«The 49MB Web Page» is a great summary of all that's wrong with much of the web along explanations of how we ended up there due to commercial ad incentives.

https://thatshubham.com/blog/news-audit

The 49MB Web Page

A look at modern news websites. How programmatic ad-tech, huge payloads and hostile architecture destroyed the reading experience.

@gedankenstuecke ten years ago, Maciej Ceglowski made a case that loading these sites with mobile data generated more revenue for the cell phone provider than the publisher
@bookandswordblog @gedankenstuecke It's an absolute shame he went into the transphobe hole. His talks on webpage sizes and data privacy were great.
@sparks @gedankenstuecke is that a twitter thing? He seemed to move to twitter and that is like turning into a snake, it feels satisfying in the moment but it never helps. I don't know what he posts there.
@gedankenstuecke I wonder if that has anything to do with search engines being broken and companies no longer optimizing their websites for Google. Many sure weren't doing it for their users.
@gedankenstuecke
That page is more than twice the size of my entire site.  
@mplouffe yeah, the whole git repo of my uncompiled Jekyll Page before any optimizing is <70 mb, including some quite large images that I should shrink some 😅
@gedankenstuecke The patterns describe here reminds me of a thing I desperately want: a standardized browser "Rage Quit" button.
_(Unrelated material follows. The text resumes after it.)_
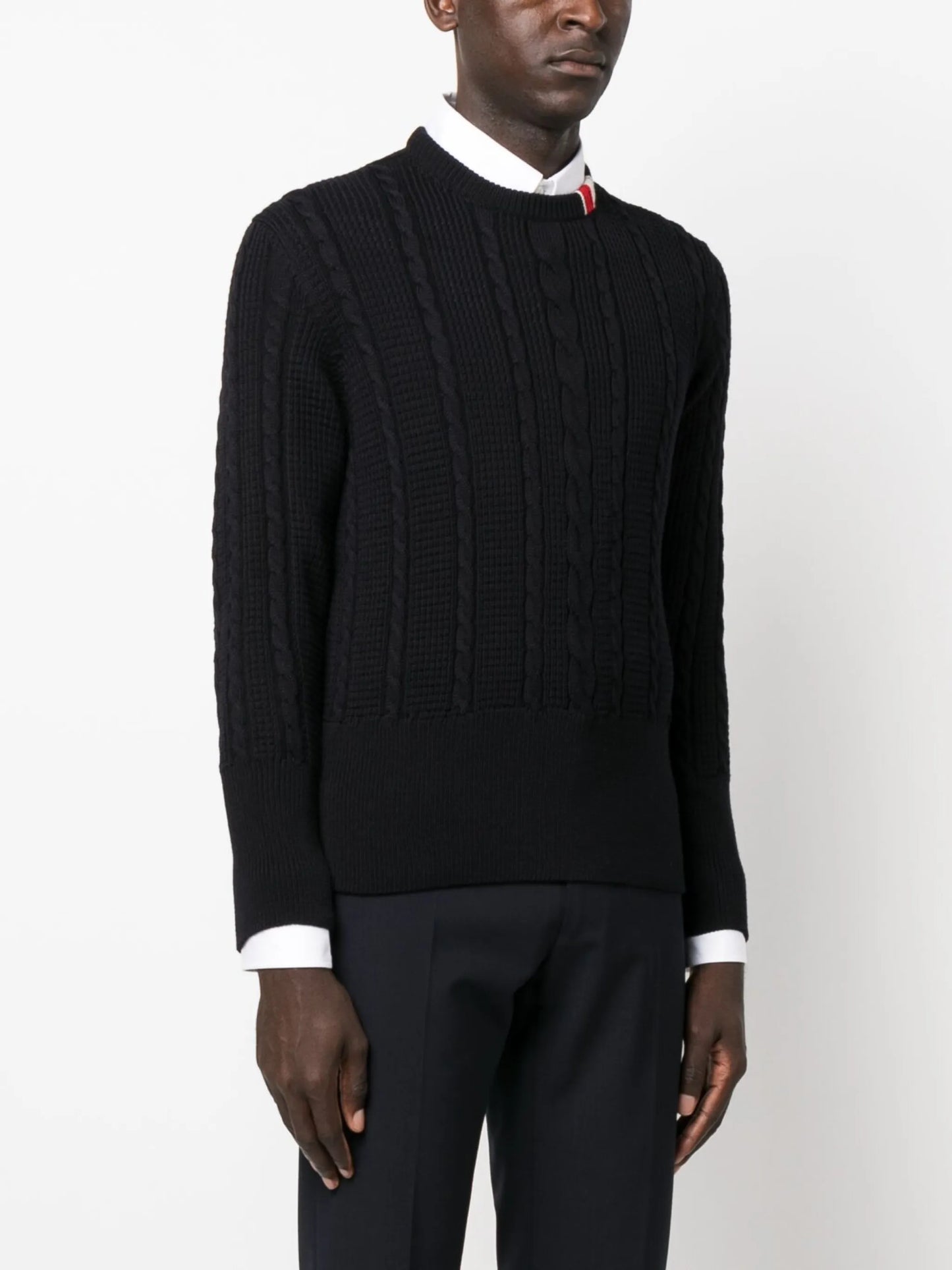 RWB-stripe cable-knit wool jumper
If you click that, it notifies the site ( sends a post to /.well-known/rage-quit perhaps ) before deleting all local cookies, cache, saved data, etc. Make the web master see how many people leave without intent to return after adding that new autoplay video popup that can't be closed.

Maybe even add a user reminder popup before navigating to said site in the future: "You rage-quit on 2026-03-13, continue?"
@gedankenstuecke Omg you should check out the Fandom wiki sites. I left just one tab unattended and my swap was ballooning.